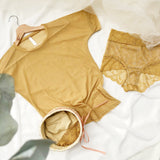 Sheer Mesh Top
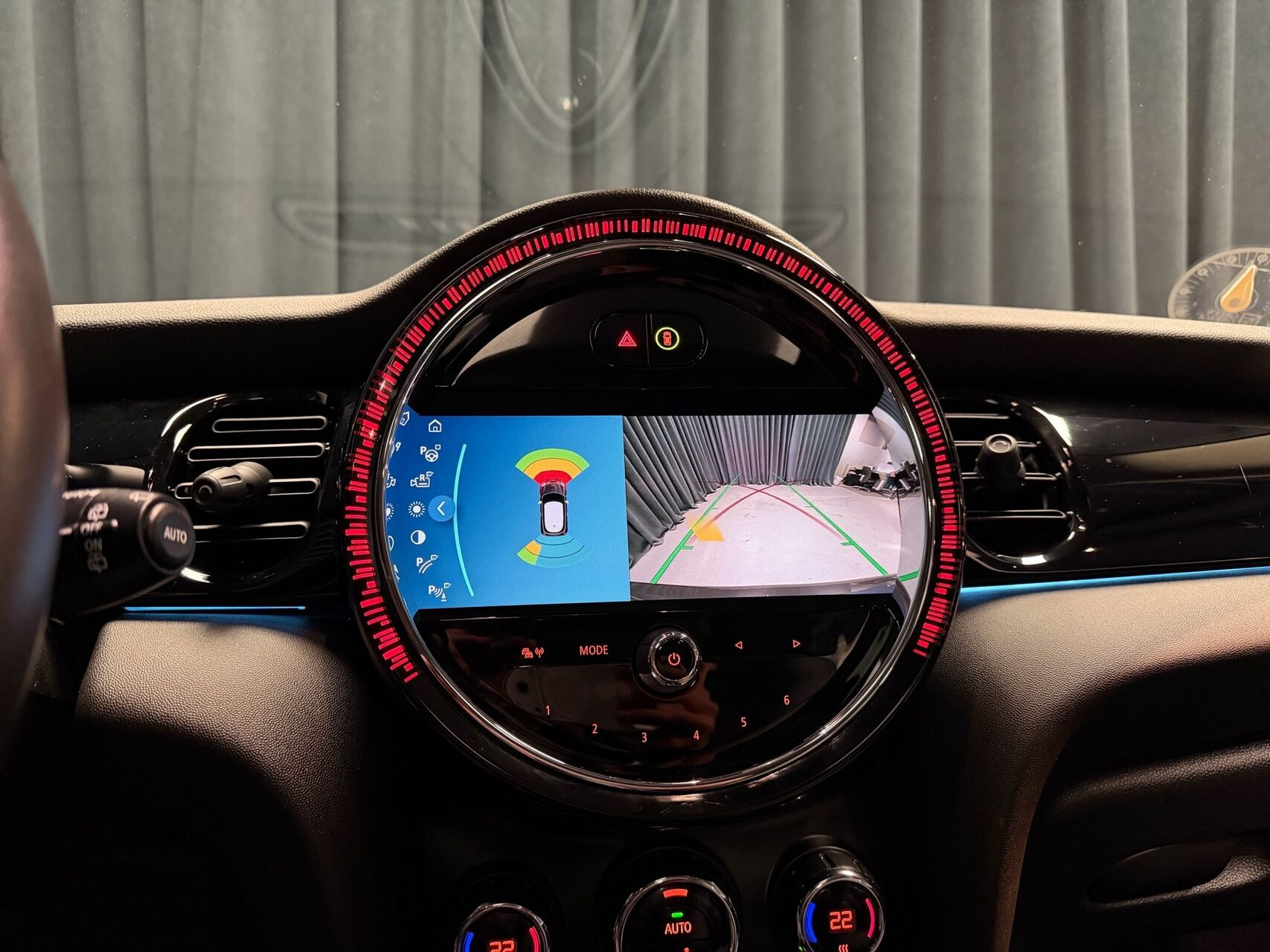 Sort Mini Cooper fra 2023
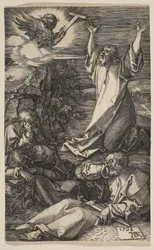 Christus am Ölberg, aus Die Passion, 1508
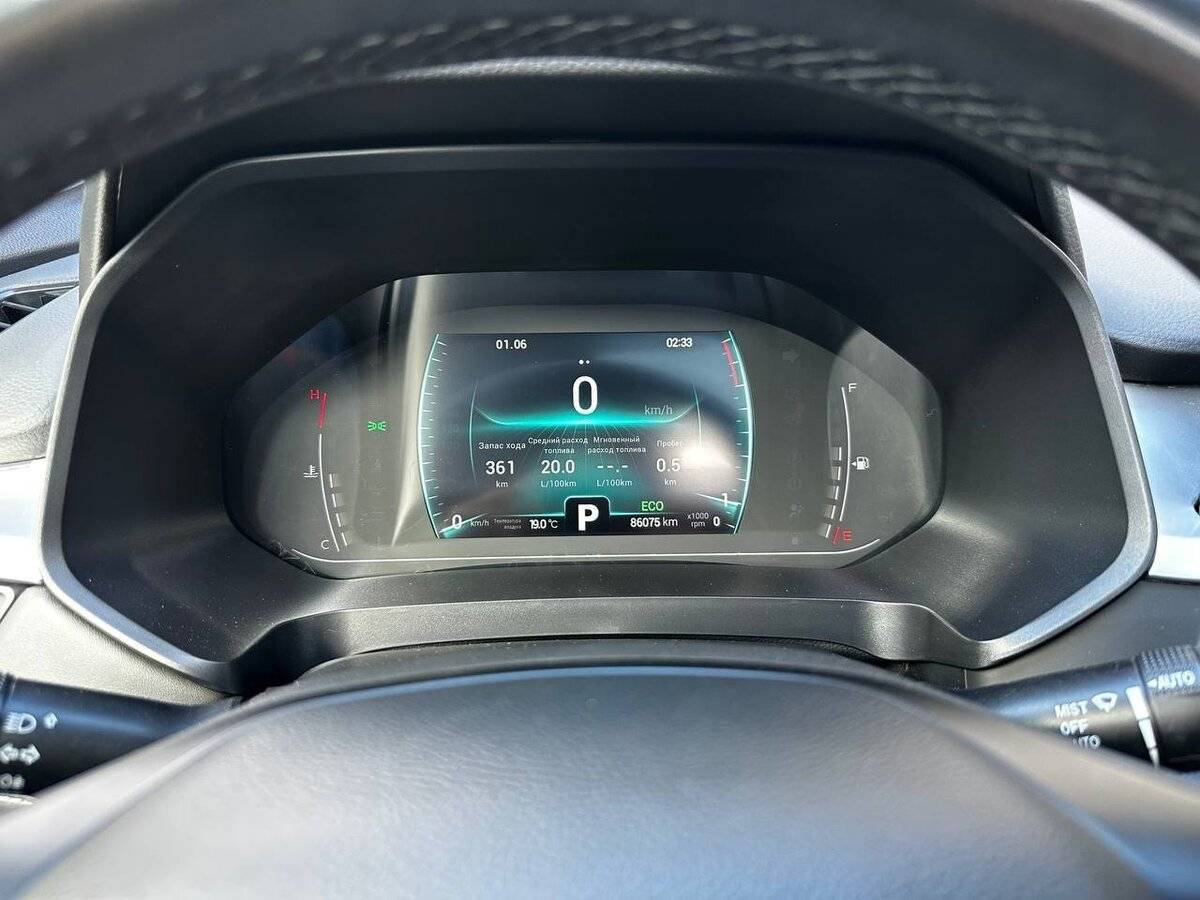 Купить Chery Tiggo 7 Pro с пробегом. Фото: #24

▶ **EXERCISE**
Across all the lines above, repeat the wording exactly and omit the pictures.

▶ **ANSWER SECTION**
 Sheer Mesh Top
 Sort Mini Cooper fra 2023
 Christus am Ölberg, aus Die Passion, 1508
 Купить Chery Tiggo 7 Pro с пробегом. Фото: #24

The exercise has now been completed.